TERREMOTOS

Terremoto de 7,7 en Indonesia deja 51 muertos y más de 5.000 evacuados en la isla de Flores

Las autoridades indonesias elevaron a 51 la cifra de fallecidos por el potente terremoto registrado el sábado frente a la isla de Flores. Más de 5.000 personas permanecen desplazadas mientras equipos de rescate buscan posibles supervivientes entre los escombros y trabajan para restablecer las comunicaciones y el acceso a las zonas afectadas.

Indonesia continúa este domingo con un amplio operativo de emergencia tras el terremoto de magnitud 7,7 que golpeó el sábado la costa de la isla de Flores, en el este del archipiélago. El último balance oficial elevó a 51 el número de personas fallecidas, mientras las autoridades mantienen las tareas de búsqueda y rescate.

El sismo se produjo cerca de las 6 de la mañana del sábado, hora local, y tuvo su epicentro aproximadamente 62 kilómetros al noroeste de Ende, una de las principales ciudades de Flores.
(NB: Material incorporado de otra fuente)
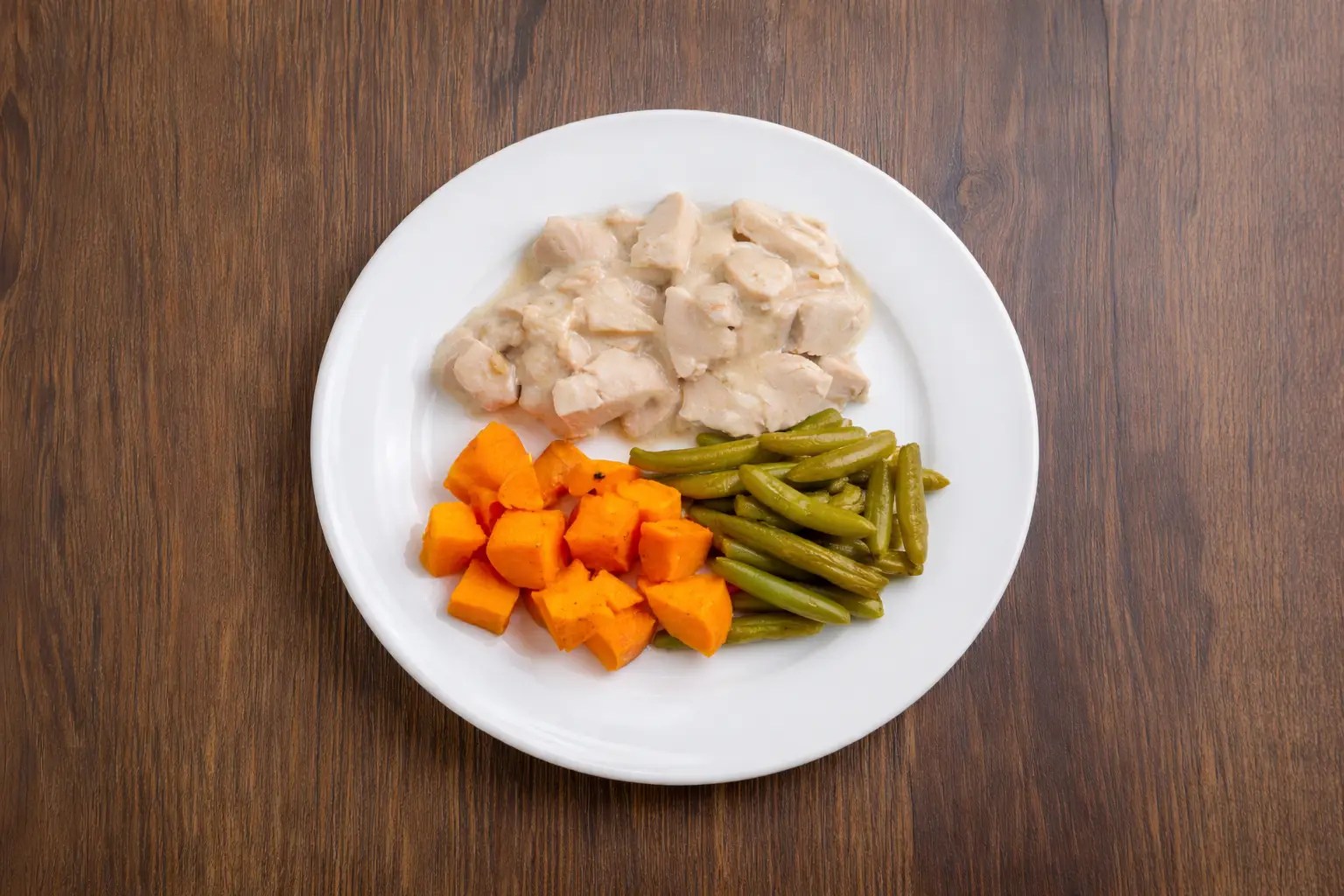 Turkey Breast With Gravy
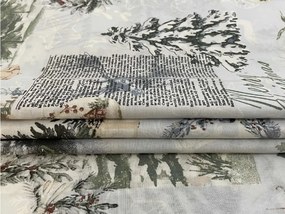 Pamut ágynemű WINTER WHISPER színes Ágyneműhuzat mérete: 70 x 90 cm | 140 x 200 cm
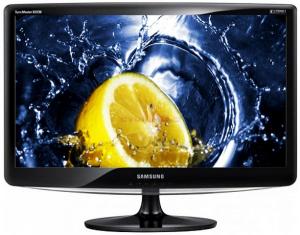 SAMSUNG - Monitor LCD 24" B2430HD (TV Tuner inclus)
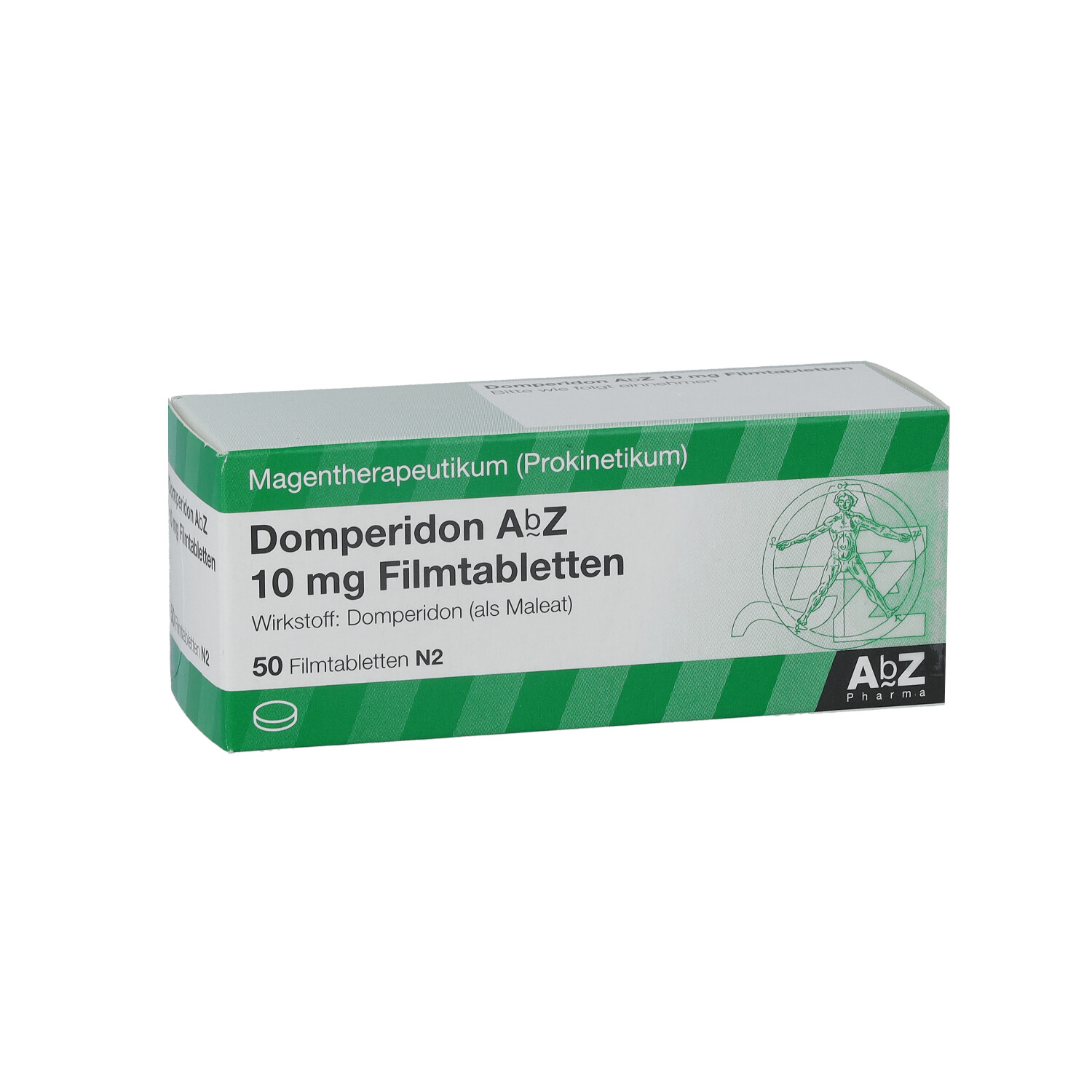 DOMPERIDON AbZ 10 mg Filmtabletten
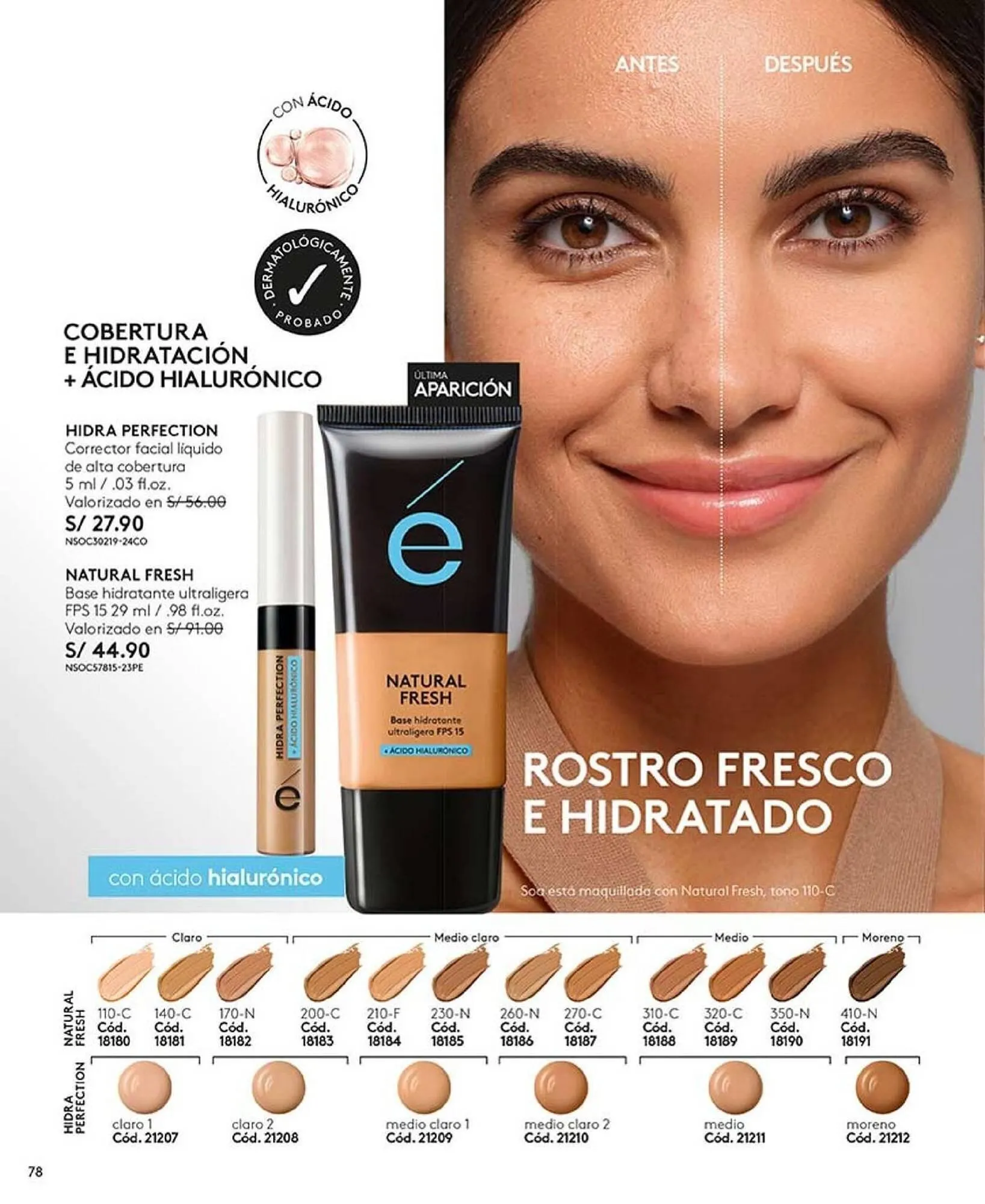 Catalogo de Catálogo Ésika 19 de agosto al 13 de setiembre 2025 - Pag 78
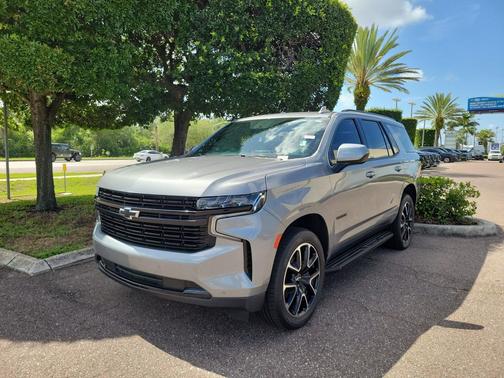 Sterling Gray Metallic 2023 Chevrolet Tahoe 2WD RST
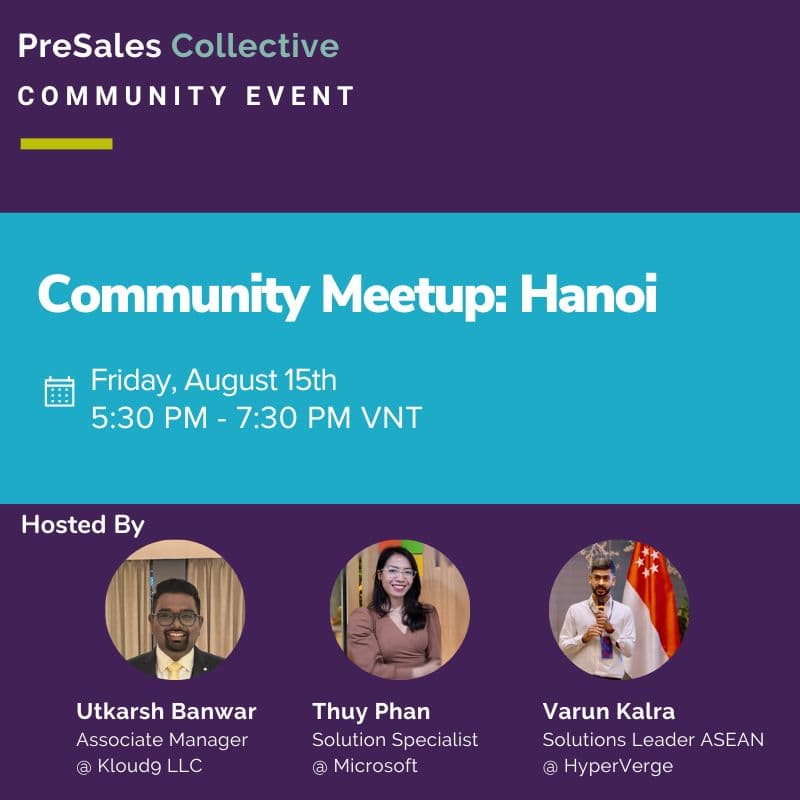 Cover Image for Community Meetup: Hanoi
El movimiento provocó graves daños en viviendas, edificios públicos y vías de comunicación, además de numerosos deslizamientos de tierra.

Según los organismos locales de gestión de desastres, 914 viviendas sufrieron daños graves, 126 daños moderados y otras 317 daños menores. También resultaron afectados más de un centenar de establecimientos públicos, entre ellos 93 centros educativos, 36 centros de salud y 38 oficinas gubernamentales.

Más de 5.000 personas permanecen evacuadas o desplazadas de sus hogares. En la región de Sikka, unas 3.300 personas se refugiaron en un pabellón deportivo o abandonaron preventivamente sus viviendas ante el riesgo de nuevos movimientos y posibles derrumbes.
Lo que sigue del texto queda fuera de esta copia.